Analyst reportedly don’t expect any real impact from Brexit on the demand side of the equation, for tanker sector of shipping industry, in the near to mid-term. For them it looks like business as usual for the tanker companies and even foresee a net long-term positive outlook.
Last week, the UK’s vote to leave the EU sent shock waves through global financial markets, sending the pound to a 31-year low and forcing rating agencies to downgrade UK’s credit rating, citing growth concerns.
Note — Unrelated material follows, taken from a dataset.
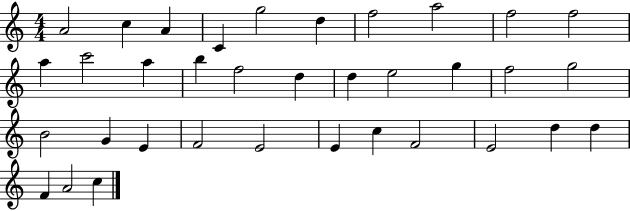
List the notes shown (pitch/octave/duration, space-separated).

Banks and financial institutions are already squeezed by the collapse of the offshore industry, the decline in the dry cargo industry and the containers and gas markets.
However, some of the leading tanker owners not only dismissed the concerns over its impact on shipping but are confident that the rates may pick in the long run due to various factors resulting out of Brexit.
- Temporarily beneficial in the short term due to its income being denominated in US dollars, while costs are in euros and sterling.
- Capital constraints in the shipping industry may increase due to BREXIT thereby benefitting the tanker markets
- Since it gets more difficult to finance new ship buildings and help tighten tanker markets going forward.
- The impact on banks’ ability to lend to the shipping industry was more likely than any direct impact on trade volumes or asset values.
- Tighter capital will make it even harder for companies to order new vessels.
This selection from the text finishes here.